The stone grave slab has a Caman & Sliothar carved into it.
Iona is only 3 1/2 miles long and 1 1/2 wide and has more sheep than people, but it occupies a special place in Britain's history. It was from there in A.D. 563 that St. Columba set out with 12 followers from Ireland to begin the conversion of Scotland to Christianity. The island also was a target of Norse plunderers and the scene of centuries of clan and religious warfare. Its ancient burial place contains the graves of kings, and its restored abbey and the ruins of a convent date from the 11th century.
The story of Iona reads more like myth than history. Legend holds that when Columba, the descendant of an Irish king, arrived from Ireland with the daunting goal of converting the fearsome Picts to the faith of St.
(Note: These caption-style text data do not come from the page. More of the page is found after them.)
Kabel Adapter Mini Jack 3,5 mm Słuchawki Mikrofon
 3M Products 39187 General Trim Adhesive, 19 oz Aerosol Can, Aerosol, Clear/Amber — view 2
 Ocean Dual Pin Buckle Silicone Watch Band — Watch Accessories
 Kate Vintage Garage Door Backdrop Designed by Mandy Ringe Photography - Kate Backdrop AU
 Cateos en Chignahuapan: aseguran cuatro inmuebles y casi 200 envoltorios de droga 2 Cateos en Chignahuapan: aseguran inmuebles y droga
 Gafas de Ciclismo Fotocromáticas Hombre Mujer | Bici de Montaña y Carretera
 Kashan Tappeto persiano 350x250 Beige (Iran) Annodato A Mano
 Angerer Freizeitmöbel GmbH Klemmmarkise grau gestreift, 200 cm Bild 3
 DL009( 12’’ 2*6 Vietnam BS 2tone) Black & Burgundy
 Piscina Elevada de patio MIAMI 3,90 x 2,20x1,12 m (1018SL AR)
Patrick, he sought to do penance for the slaughter of 3,000 men in battle. He looked for a place from which he could not see his homeland. His boat, a wicker-and-hide coracle, beached at the southern tip of the island, and from there he climbed to the highest point nearby and failed to see his own country. To this day, the grassy spot is known as the Hill With Its Back to Ireland.
Near the northern end of the island Columba's monks established the huts of the first monastery. By 597, the year of Columba's death, he had converted the Picts and the Scots, and much of northern England. His missionaries had spread as far as southern England, France and Switzerland.